- Disease: Conjunctivitis (pink eye)
- Location: Pakistan
- First outbreak: Karachi
- Arrival date: September 2023
- Confirmed cases: 86,133 in Punjab (as of September 2023)

= Pink eye outbreak in Pakistan =

2023 disease outbreak in Pakistan

In September 2023, there was an occurrence of conjunctivitis, commonly referred to as pink eye, in multiple cities across Pakistan. The outbreak initially began in Karachi and subsequently extended to Lahore, eventually reaching Rawalpindi, Islamabad and Khyber Pakhtunkhwa.

==Cases reported==
As of September 2023, Punjab had reported a total of 86,133 cases of pink eye. Within a 24-hour span, Lahore saw an additional 85 new cases, at a time when the city's air quality had worsened due to reduced rainfall that year. The total number of cases had doubled since the previous month of August.

==Response from health authorities==
Amid the escalating cases, the Primary and Secondary Healthcare Department in Punjab issued a public advisory. This advisory outlined safety protocols, urging individuals to utilize hand sanitizer, refrain from touching their eyes without proper hand hygiene, and avoid using items that had come into contact with infected individuals.

==Impact on schools==
In response to the increasing case numbers, Mohsin Raza Naqvi, the interim Chief Minister of Punjab, declared a one-day holiday for all government schools. Subsequently, the Punjab government extended this measure by directing both government and private schools to remain closed from Thursday through Sunday, aiming to curb the spread of the infection.

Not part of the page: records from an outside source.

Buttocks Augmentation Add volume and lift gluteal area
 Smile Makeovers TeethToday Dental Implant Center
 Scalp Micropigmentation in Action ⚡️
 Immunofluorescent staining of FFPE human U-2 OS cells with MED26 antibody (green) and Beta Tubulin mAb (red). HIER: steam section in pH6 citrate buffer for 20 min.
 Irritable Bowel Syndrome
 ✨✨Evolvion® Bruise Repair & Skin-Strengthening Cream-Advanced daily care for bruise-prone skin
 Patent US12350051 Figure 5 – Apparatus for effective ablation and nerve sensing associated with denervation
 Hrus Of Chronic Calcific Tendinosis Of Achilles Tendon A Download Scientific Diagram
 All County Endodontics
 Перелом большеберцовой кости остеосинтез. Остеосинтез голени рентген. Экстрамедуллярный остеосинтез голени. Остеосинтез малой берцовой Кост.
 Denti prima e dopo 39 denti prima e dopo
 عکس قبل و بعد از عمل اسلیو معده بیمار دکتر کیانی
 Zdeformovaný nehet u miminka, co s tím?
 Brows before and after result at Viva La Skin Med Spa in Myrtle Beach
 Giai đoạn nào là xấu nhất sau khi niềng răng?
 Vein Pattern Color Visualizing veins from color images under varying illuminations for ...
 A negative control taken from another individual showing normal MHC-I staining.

==Symptoms and treatment==
Pink eye, or conjunctivitis, manifests through symptoms like redness, inflammation, painful eyes, and increased tearing. This viral disease spreads through respiratory droplets from coughing, sneezing, and hand-to-eye contact. Treatment typically involves the use of eye drops, ointments, oral medication, and gentle water flushes to alleviate symptoms and promote recovery.